Activity
Begin your copy at the line with "Jennifer Lopez shares" in the records below and end it at the line with "Nieuw in doos", restating each line word for word; omit the pictures.

Supplied records
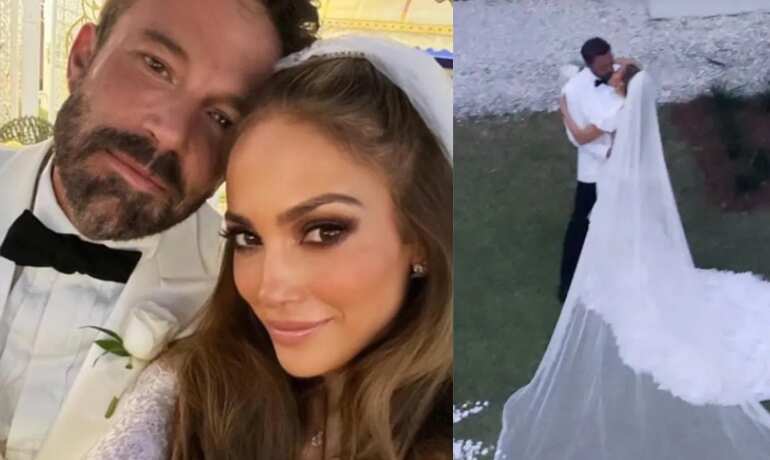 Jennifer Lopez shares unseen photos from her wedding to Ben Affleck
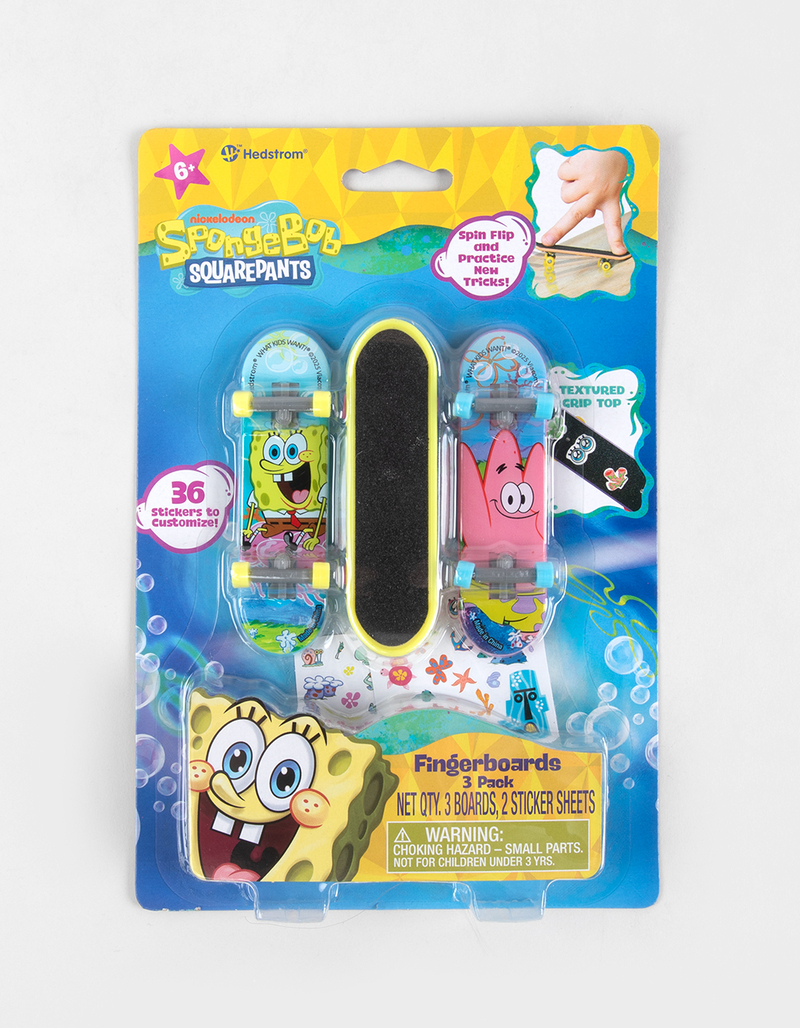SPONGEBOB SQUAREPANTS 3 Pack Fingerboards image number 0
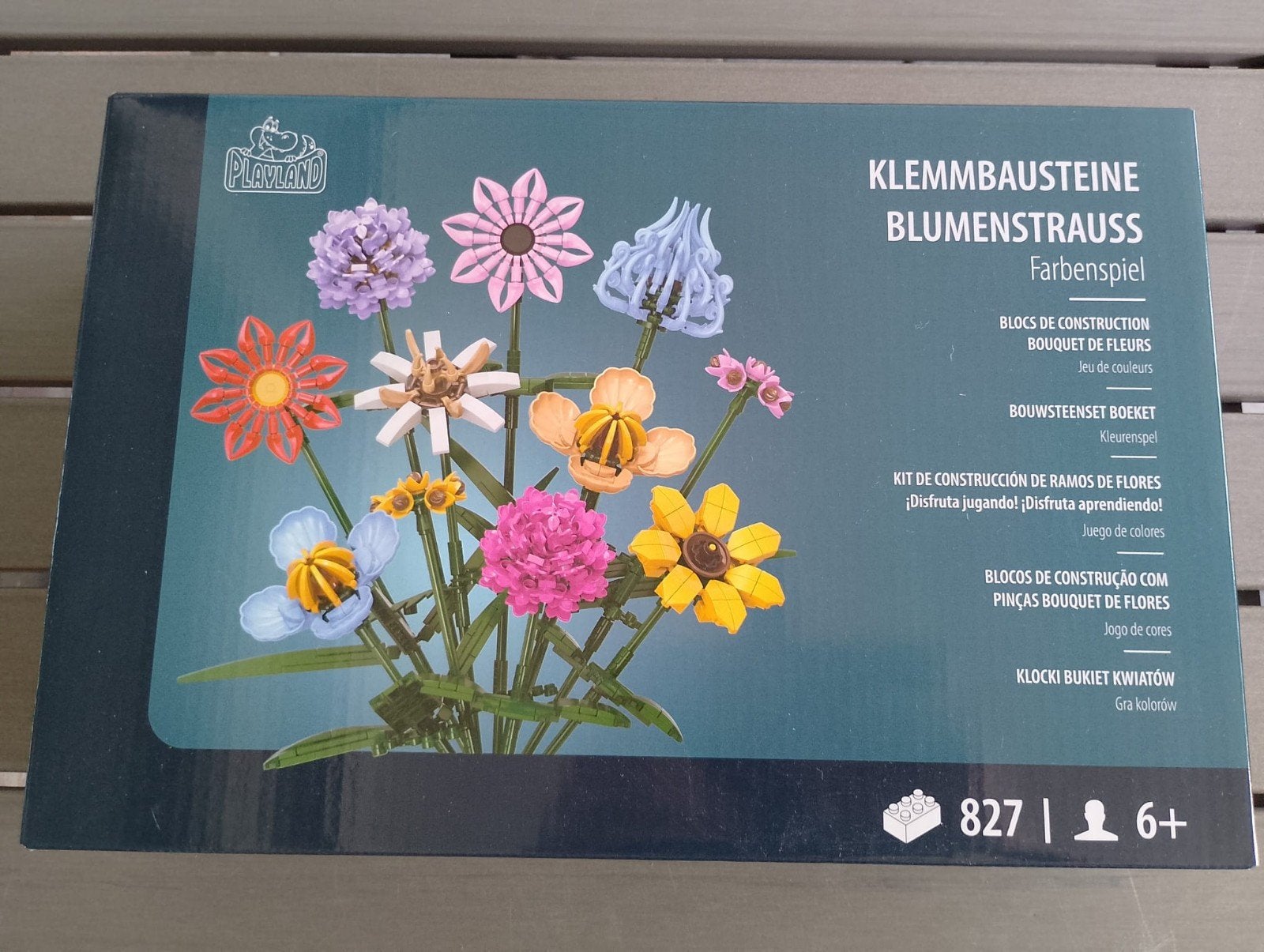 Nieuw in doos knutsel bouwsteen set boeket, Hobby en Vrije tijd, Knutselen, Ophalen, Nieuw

...

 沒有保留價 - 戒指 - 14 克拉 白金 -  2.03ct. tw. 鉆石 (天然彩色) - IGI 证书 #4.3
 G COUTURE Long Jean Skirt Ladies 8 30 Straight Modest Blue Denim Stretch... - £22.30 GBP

==

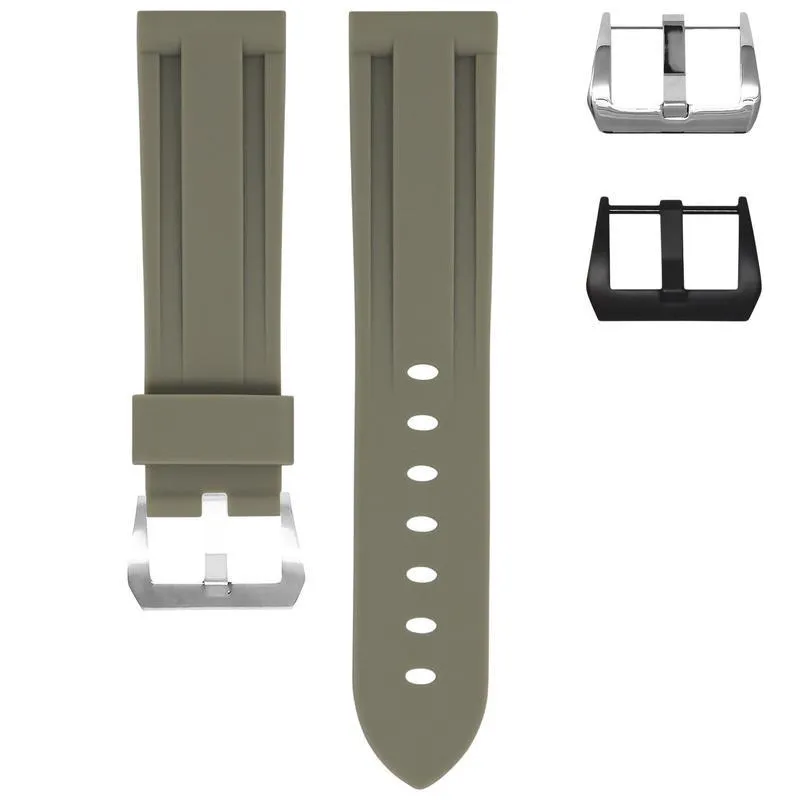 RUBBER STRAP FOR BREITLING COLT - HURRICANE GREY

Task output
 Jennifer Lopez shares unseen photos from her wedding to Ben Affleck
SPONGEBOB SQUAREPANTS 3 Pack Fingerboards image number 0
 Nieuw in doos knutsel bouwsteen set boeket, Hobby en Vrije tijd, Knutselen, Ophalen, Nieuw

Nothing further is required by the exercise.